Your goal:
Please give back each line of the material unchanged, but without the images.
═════ Collected data ═════
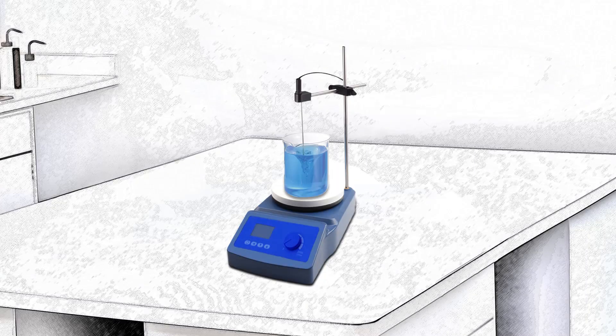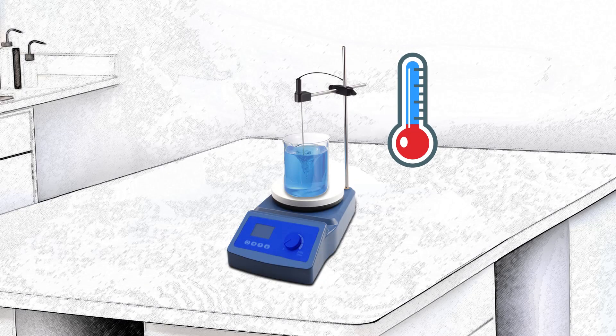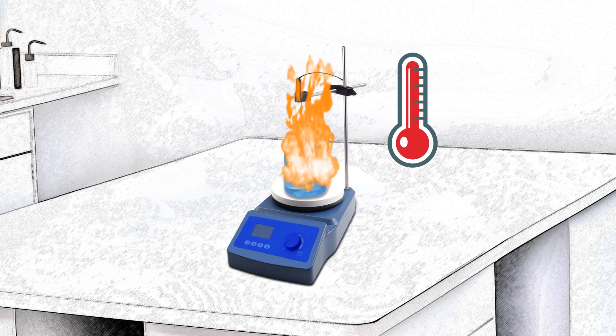Accidents involving malfunctioning hotplates and hotplate stirrers have caused catastrophic laboratory fires that could have been avoided. The ability to monitor and detect potential hazards before they occur is an essential feature of any hotplate stirrer with superior safety features.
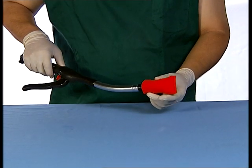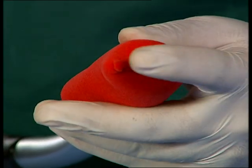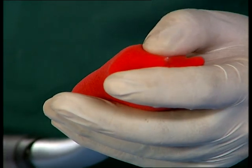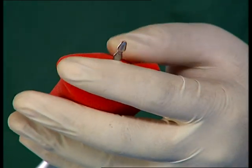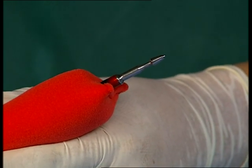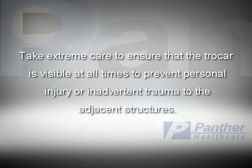With the trocar retracted, insert the instrument up to the closed lumen. Turn the wingnut to fully extend the trocar and gently rotate the instrument to pierce the tissue while holding the wingnut. Push the tissue down the trocar shaft until the red area on the shaft can be seen. Take extreme care to ensure that the trocar is visible at all times to prevent personal injury or inadvertent trauma to the adjacent structures.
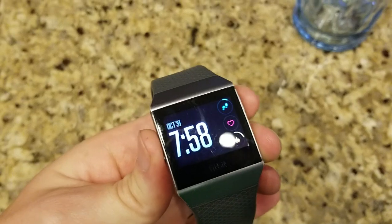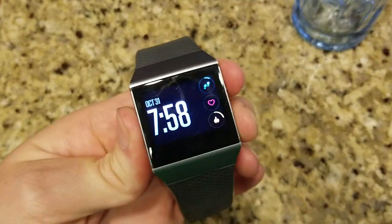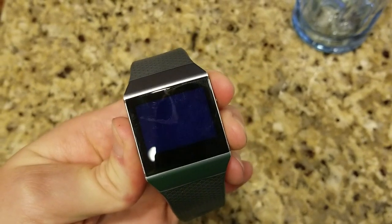All you have to do is hold all three of the buttons on the side here and here at the same time. And we do that for 15 seconds.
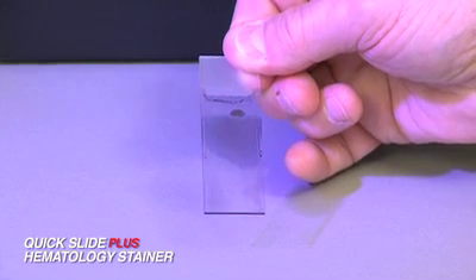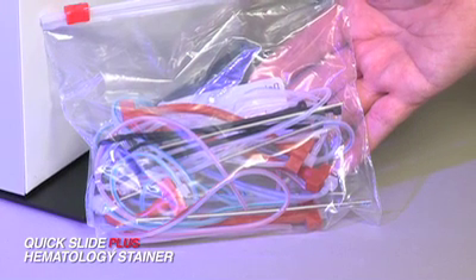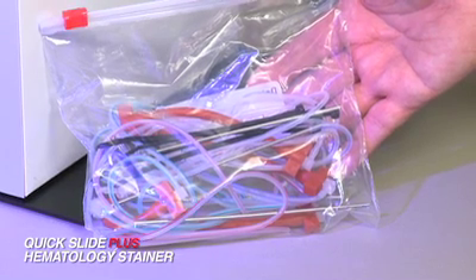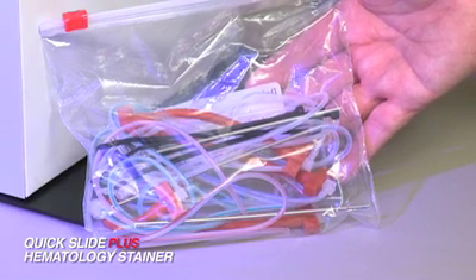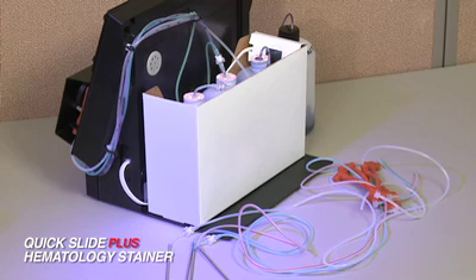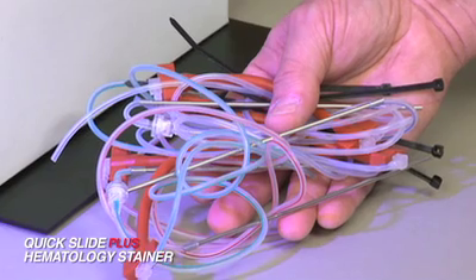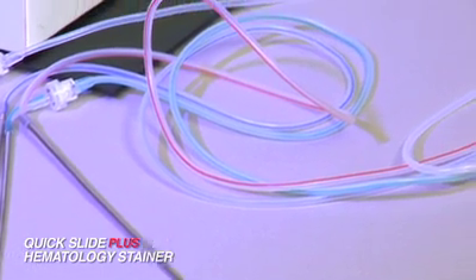No priming is necessary. As to maintenance, GG&B recommends changing the tubing kit once annually. Tubing kits are complete front-to-back replacements with color-coded lines, pump tubes, tubing elbows, check valves, stainless steel cannulas, and wire ties to connect lines onto the unit. No daily preventative maintenance is required.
═════
Response area:
Accidents involving malfunctioning hotplates and hotplate stirrers have caused catastrophic laboratory fires that could have been avoided. The ability to monitor and detect potential hazards before they occur is an essential feature of any hotplate stirrer with superior safety features.
With the trocar retracted, insert the instrument up to the closed lumen. Turn the wingnut to fully extend the trocar and gently rotate the instrument to pierce the tissue while holding the wingnut. Push the tissue down the trocar shaft until the red area on the shaft can be seen. Take extreme care to ensure that the trocar is visible at all times to prevent personal injury or inadvertent trauma to the adjacent structures.
All you have to do is hold all three of the buttons on the side here and here at the same time. And we do that for 15 seconds.
No priming is necessary. As to maintenance, GG&B recommends changing the tubing kit once annually. Tubing kits are complete front-to-back replacements with color-coded lines, pump tubes, tubing elbows, check valves, stainless steel cannulas, and wire ties to connect lines onto the unit. No daily preventative maintenance is required.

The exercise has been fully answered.